BATH, ENGLAND - JUNE 27: A female fan in the crowd attending the Bath Festival of Blues and Progressive Music at the Royal Bath and West Showground in Shepton Mallet, England on 27 June, 1970.

On June 28, 1969, the genteel town of Bath staged a small concert that helped change the world: The Bath Festival Of Blues, hosted at the Bath Pavilion Recreation Ground. 

Promoters Freddy and Wendy Bannister were a husband and wife team who had been putting on gigs at the Bath Pavilion – up-and-comers like The Beatles or Jimi Hendrix – were asked if they would put on a show “for the kids” on the recreational ground opposite the Pavilion in the centre of town. The Bath Festival Society had been accused of being elitist and wanted to give this new so-called ‘rock music’ a try.

Freddie and Wendy put together a modest bill of new talent: Fleetwood Mac, John Mayall’s Bluesbreakers, Ten Years After, Led Zeppelin, The Nice, Chicken Shack, John Hiseman’s Colosseum, Mick Abraham’s Blodwyn Pig and more. 

“Tickets were 18 shillings and sixpence [about 93p],” Freddie told Classic Rock in 2007, “and 14 shillings and sixpence just for the evening [73p]. Led Zeppelin cost us £200 – but [manager] Peter Grant did push me up to £500 before they’d signed the contract.” 

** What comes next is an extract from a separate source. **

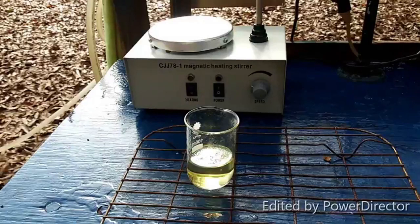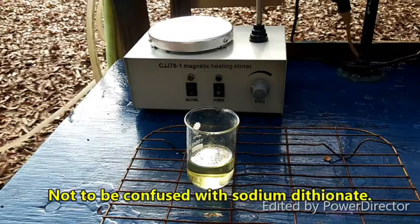Hello everyone and welcome back to the Poor Man's Chemist. In this video we are going to be making sodium dithionite, which is an air-sensitive reducing agent.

According to Bath Festivals, they issued 7,000 tickets but 30,000 people showed up. “It completely took us by surprise,” said Wendy. Back then, most people didn’t even know what festivals were. Wendy rang the ticket offices around the country only to discover they’d all sold out their allocations. Ulp.

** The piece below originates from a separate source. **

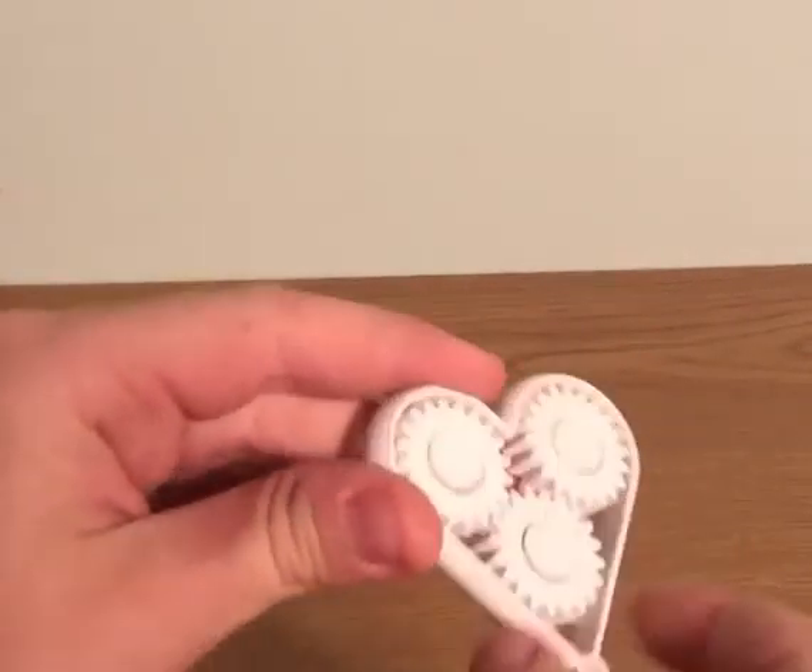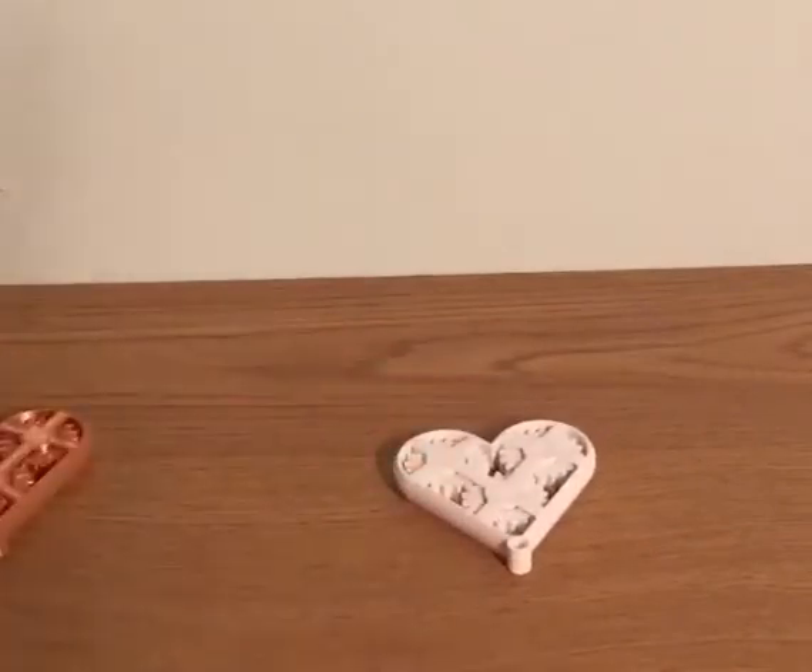It's white. Tell me in the comments what to 3D print next time.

“It went very well,” was Freddy’s modest recollection. “It was profitable, it was fun. One of those wonderful 80-degree days, sunny all day. Everyone had just discovered dope so they were very placid.”

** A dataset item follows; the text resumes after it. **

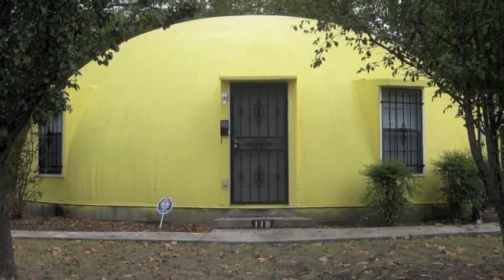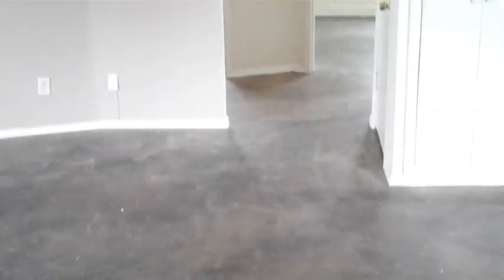Is this cool looking or what? Now I know it looks kind of small on the outside, but let's go inside and check out how big it actually looks. We've taken up all the carpet and stained the floors.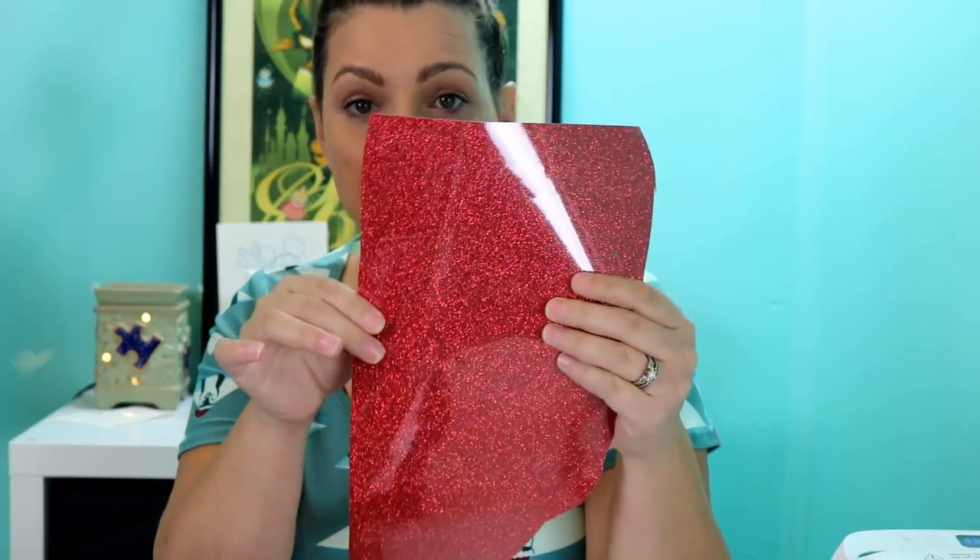First thing you will need is your stockings — these are from the Dollar Tree. You can get plain stockings pretty much anywhere; those were a dollar each. You will also need your vinyl. This is the Thermaflex Glitterflex Ultra in red glitter. I like using glitter on these fluffy surfaces; it adheres a little bit better in my opinion.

Just as well. Security wasn’t exactly tight: to collect money from the walk-up audience, they put a trestle table by each of the gates. That was security. Wendy cycled across the site from one table to the other, collecting bags of cash.

The Bath Pavilion across the road acted as the backstage area. Inside you might have found The Nice playing table tennis with Ten Years After or Chicken Shack whipping Blodwyn Pig at darts. “I think we bought some of them a drink,” remembered Freddie, “but there was no such thing as a rider then.”

There were two stages, about three foot off the ground, constructed the night before. Everything went well until The Nice brought “four brawny bagpipers” onstage.  “When they came on and started marching around, the stage started collapsing!” remembered Freddy. “So I got four of my very largest stewards to lie under the stage holding it up while The Nice did their thing. When The Nice had finished, the second stage opened up and Zeppelin came on, and while that was happening I got the carpenters to repair the stage ready for Ten Years After.”

And toilets? They had none. “We just gave them re-admission passes,” said Wendy, “so they could go out into the town, which was about 200 yards away, and use the public conveniences.”

The 1969 festival posters (Image credit: rockmusicmemorabilia.com)

Bath is just 25 miles from Glastonbury and The Bath Blues Festival, along with the Isle of Wight Festival, played a role in shaping the concept of Glastonbury in the mind of Michael Eavis. The Glastonbury festival of 1970 was envisioned as a "son of Bath". Festivals were well and truly on the calendar.

As a result, Freddy and Wendy were determined to make the next Bath festival an even bigger, more glittering occasion. The following year the festival underwent both a name and a venue change. The 1970 Bath Festival Of Blues & Progressive Music took place at the Bath & West Showground.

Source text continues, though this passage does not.